GP: [laugh] Yeah, yeah, yeah, it was good.
This week I struggled with.. because there is the pressure of the work but there is also the pressure to just enjoy it because it's such an amazing opportunity. […] Like feeling nervous but forcing myself to try and enjoy it. And then at the end of the week, I realised this nervousness is actually part of it.
And you should enjoy the nerves, right? Because otherwise, it's just way too easy. And this needs to be a challenge. Why else would you do this if it just came easy? I mean, life shouldn't be easy, you know? It's so boring. So I'm learning to accept these nerves.
Enjoy the nerves!
AI: Do you have any takeaways from the three residencies?
GP: Yes, in the way that I normally take a very long time to make design decisions. It is a very slow curation where I'm feeling my way through. And when you have time on your hands, you can go home and feel it. And then maybe make the decision in two weeks because you have that beautiful privilege. But here I didn't have that privilege. And that's why I was so nervous making these decisions fast because I hadn't done that before. So that was new to me and then realising that I was able to make a collection in three weeks. This experience really helped me, to trust myself more with making faster decisions, and that's also important.
AI: The series was influenced by the site specificity, both the architecture of Numeroventi, the lighting, and the scale…
GP: But also the furniture that was already there, already existing in the context of the Palazzo.
AI: When I look at one of your works, it seems there is an inner balance within the elements that are part of it. So obviously there is a quest for the piece itself as an absolute object, but then these inner properties are concerning an external space. This time as we said it was Numeroventi, which is quite a connotated place, with its frescoes, and soft lighting…
GP: Yes and that was very different because normally the context is my studio
AI: This condition must be impacting, especially in furniture design
GP: This is the difference between art and design. Even though I feel I'm straddling the line, it definitely needs to sit on the function and design side. And you need function to live with it, this is crucial. And when you gave me the studio space the pieces didn't work in there, I had to move them into the loft to understand them better. And then we looked at them in the context of the living space and they worked.
AI: It's really about balancing a perspective that comes from the object itself, and one that goes beyond and really engages with the surrounding.
GP: Once I was talking to this curator and they said “I feel like you're kind of a witch putting together a spell”. And then their like “so if someone ever broke your work, they would be cursed”.
[laugh]
AI: Which doesn't surprise me since we spoke about this
religious aura surrounding your pieces!
GP: My friend said I do work that looks ‘catholic’, but then they changed it to ‘protestant’.
[Laugh]
AI: These aspects of equilibrium, suspension, and elevation do have a contemplative nature.

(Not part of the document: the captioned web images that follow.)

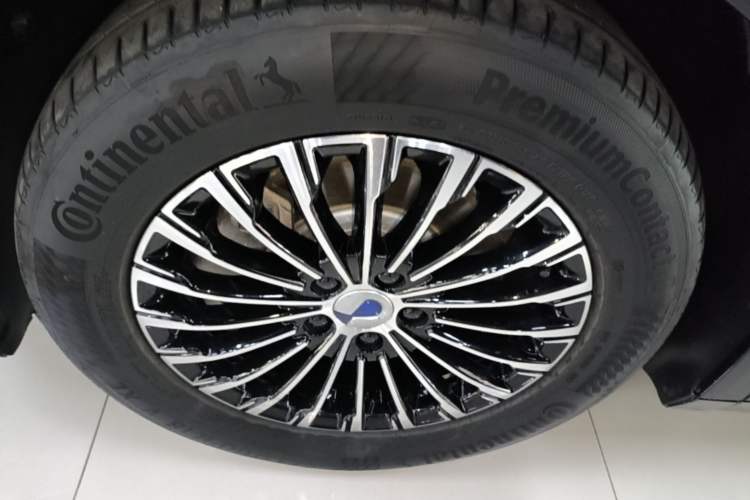 Used Denza D9 2022 DM-i 970 Four-Wheel Drive Flagship Model Left Front Wheel Hub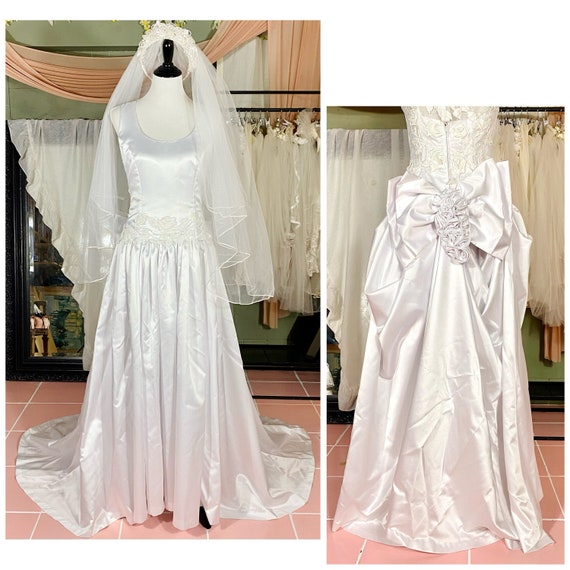 1997 Sleeveless White Wedding Dress With Bustle & Veil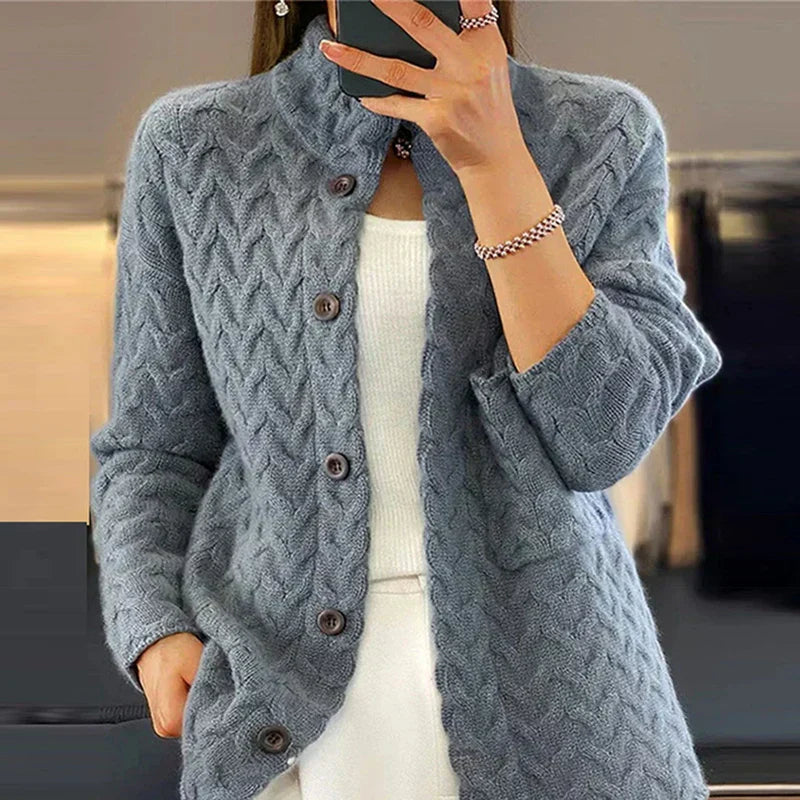 Cardigan in maglia caldo e morbido con vestibilità comoda ideale per l'autunno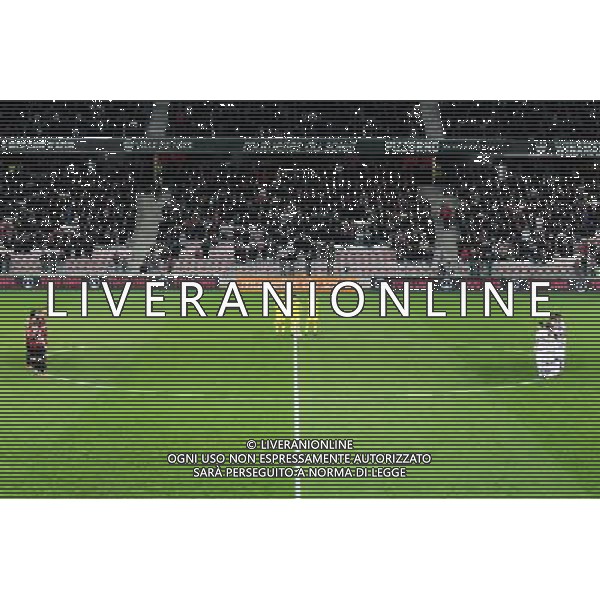 Illustration Minute de Silence - Hommage aux attentats de Paris - 20.11.2015 - Nice / Lyon - 14eme journee de Ligue 1 Photo : Jean Christophe Magnenet / Icon Sport AG ALDO LIVERANI SAS ONLY ITALY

GP: I don't even know how to specifically define the poetry that exists there, but I think we are all interested in it…and we're also nervous about living with it.

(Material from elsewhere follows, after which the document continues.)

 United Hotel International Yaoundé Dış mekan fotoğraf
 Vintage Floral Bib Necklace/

AI: Yes, it is the idea of fragility. Sometimes parts of your work seem floating and you are almost scared.
GP: You're scared to live with that with the tag of function attached to it. But it is also intriguing. It's kind of like a challenge. The thing is that the pieces aren't fragile, but it's just the feeling of precariousness behind them.

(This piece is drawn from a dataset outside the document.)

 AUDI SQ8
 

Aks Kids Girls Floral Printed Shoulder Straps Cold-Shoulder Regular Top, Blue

I’ve finished my cigarette.
AI: Perfect timing!
Now you can tell me your favourite colour?
[laugh]
GP: I guess beige is my favourite colour.
Numeroventi beige.
[laugh]
Interview by Arianna Iandelli
Images by Daniel Civetta and Gaia Anselmi
[1] Central Saint Martins College of Art and Design in London
[2]Unsettled Balance 4, 2020
[3] Later become Attentive Still II (Side Table), 2024 and Attentive Still IV (Low Console), 2024
[4] Martino Di Napoli Rampolla, Founder and Owner of Numeroventi
[5] Collevilca produced the casted metal
[6] Filippo Mannucci, artisan and designer, assisted in the assemblage of the valchromat structure.